Copy nothing but the line with "ขายรถตักล้อยาง CAT 962H" and the lines that follow it to the end of the entries below, and keep the pictures out.

------

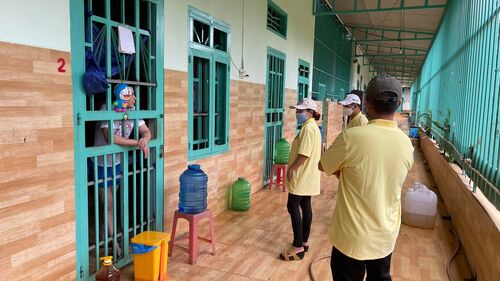 Nấu ăn hằng tuần cho bệnh nhân tâm thần tại Di Linh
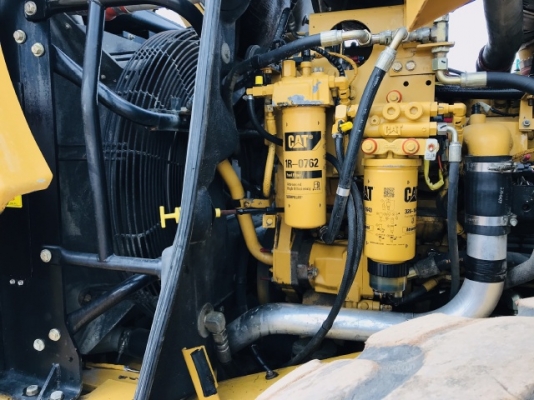 ขายรถตักล้อยาง CAT 962H นำเข้าเองจากญี่ปุ่น สภาพสวยพร้อมใช้ มีVDOการทำงานครับ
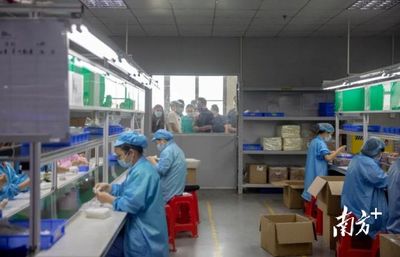 潮流之都在行动 东莞举办“冰墩墩”IP全产业链探营活动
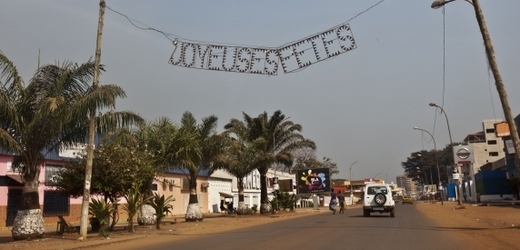 Středoafričtí povstalci do hlavního města Bangui nevstoupí.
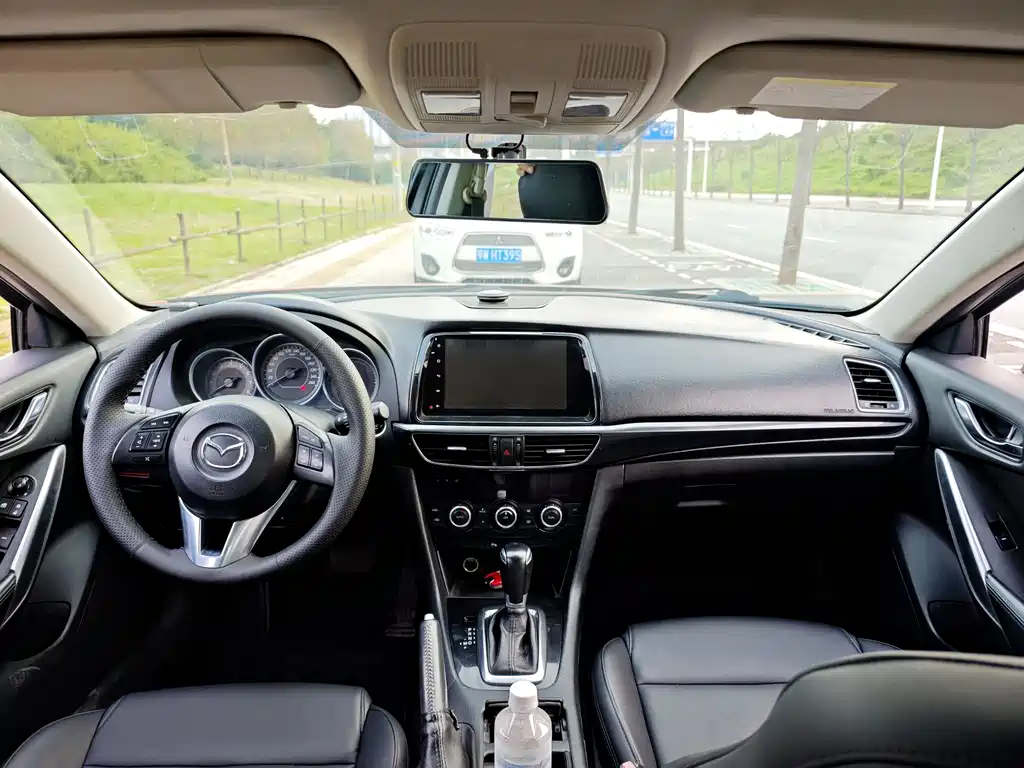 Mazda Atenza 2015 2.0L Fashion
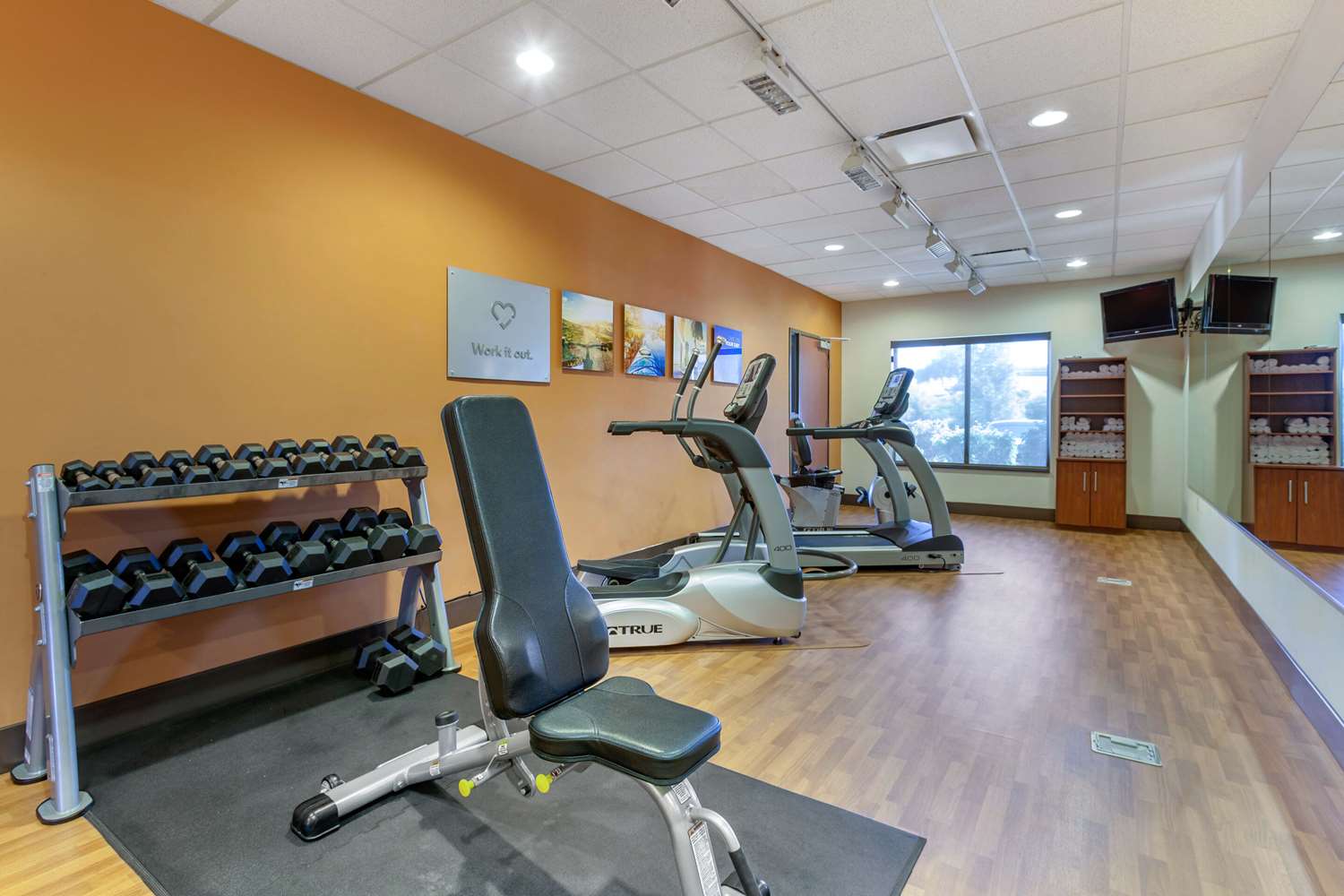 Comfort Suites Glendale State Farm Stadium Area 20/45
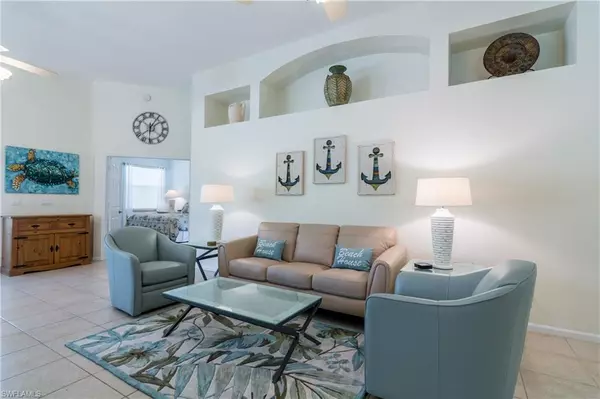 Naples, FL 34109,7720 Gardner DR #201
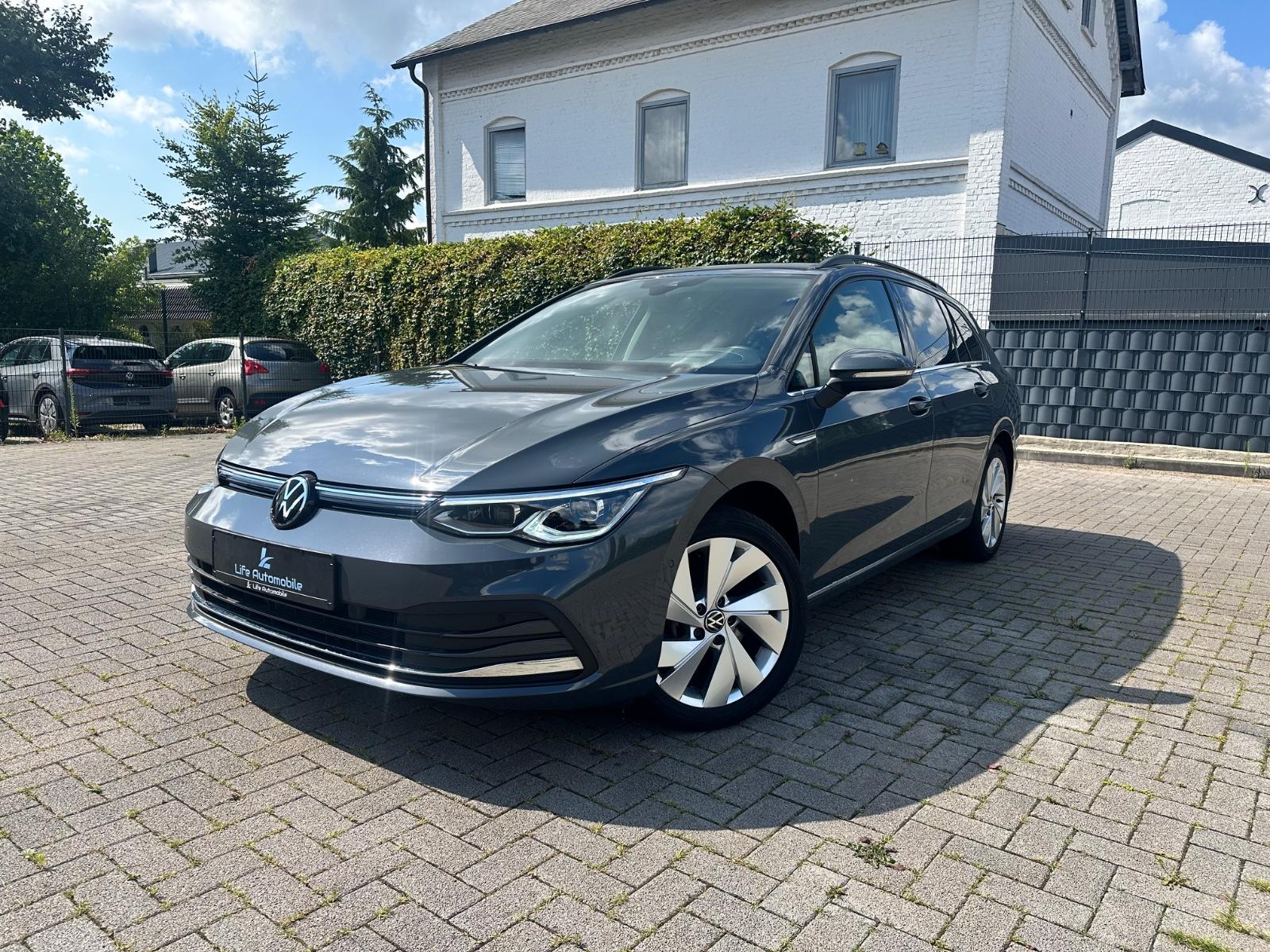 Volkswagen Golf VIII 2.0TDI Var.Style AID*MTRX*SIDE*HUD*AHK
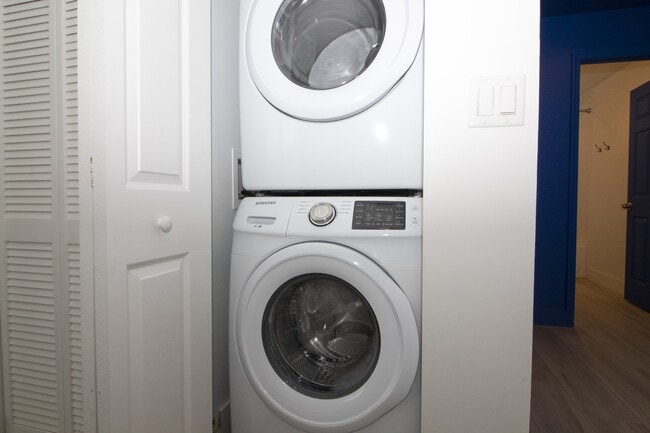 Building Photo - 753 NW 30th St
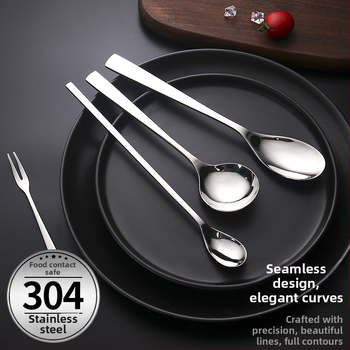Sada nožov, vidličiek a lyžíc na steak z 304 nerezovej ocele s leštenou povrchovou úpravou, moderný štýl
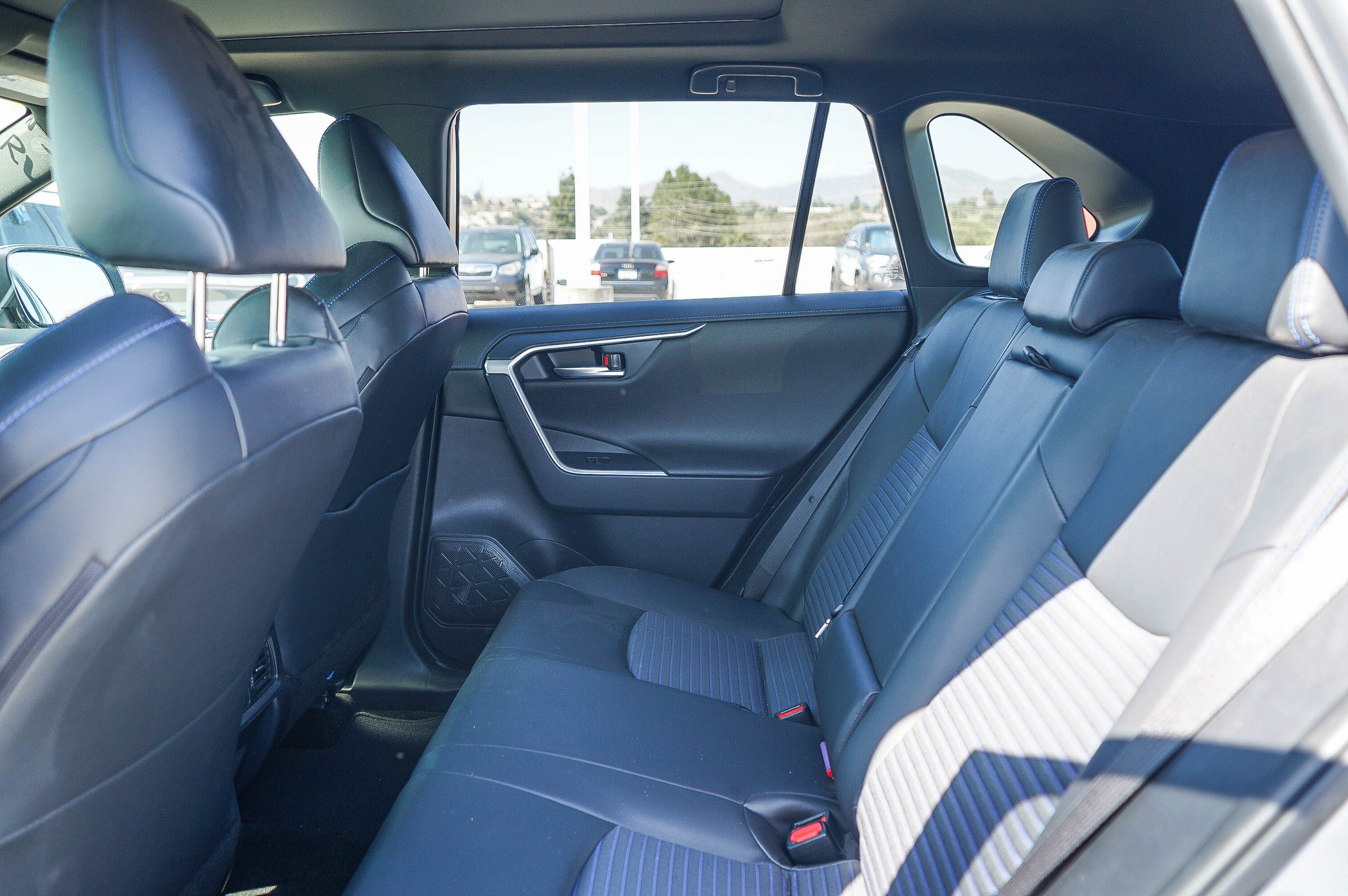 Used 2019 Toyota RAV4 XSE AWD/4WD image 19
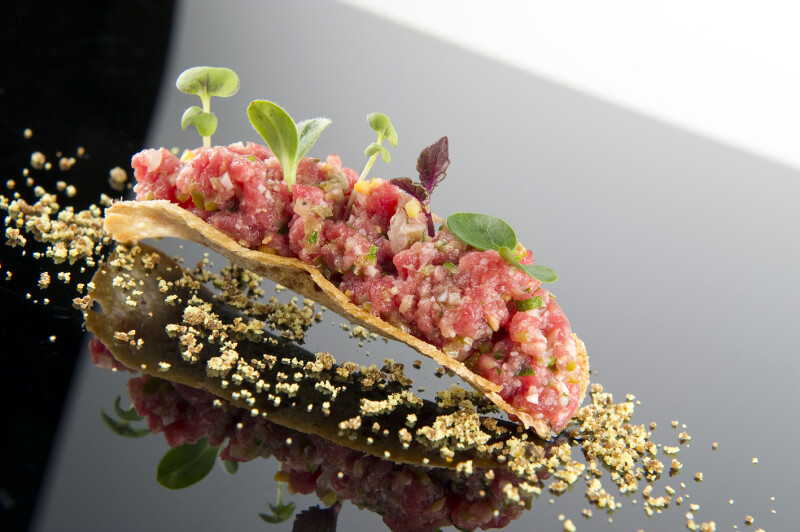 399215649_10-steak-tartar-al-estilo-zaldiaran_sm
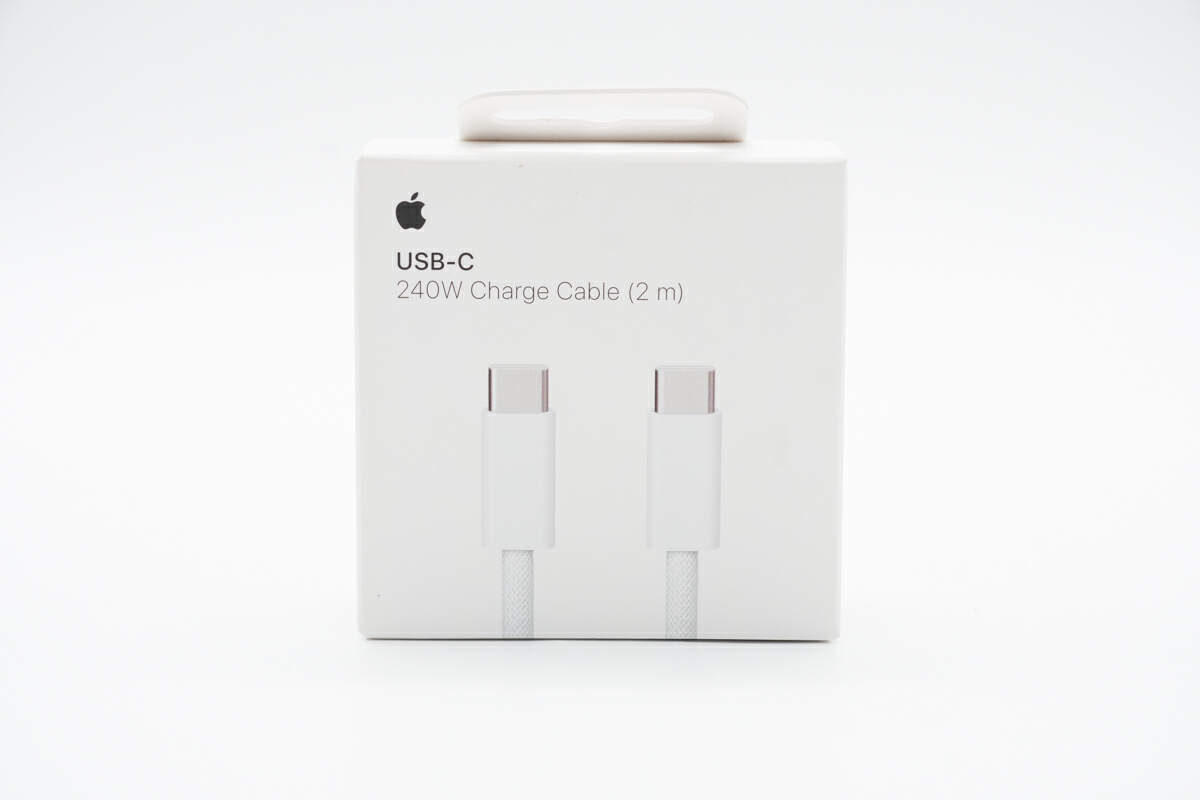 Official Apple USB-C to MagSafe 3 2M Cable and UGREEN 100W Black USB-C 4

------

#### Your solution
 ขายรถตักล้อยาง CAT 962H นำเข้าเองจากญี่ปุ่น สภาพสวยพร้อมใช้ มีVDOการทำงานครับ
 潮流之都在行动 东莞举办“冰墩墩”IP全产业链探营活动
 Středoafričtí povstalci do hlavního města Bangui nevstoupí.
 Mazda Atenza 2015 2.0L Fashion
 Comfort Suites Glendale State Farm Stadium Area 20/45
 Naples, FL 34109,7720 Gardner DR #201
 Volkswagen Golf VIII 2.0TDI Var.Style AID*MTRX*SIDE*HUD*AHK
 Building Photo - 753 NW 30th St
Sada nožov, vidličiek a lyžíc na steak z 304 nerezovej ocele s leštenou povrchovou úpravou, moderný štýl
 Used 2019 Toyota RAV4 XSE AWD/4WD image 19
 399215649_10-steak-tartar-al-estilo-zaldiaran_sm
 Official Apple USB-C to MagSafe 3 2M Cable and UGREEN 100W Black USB-C 4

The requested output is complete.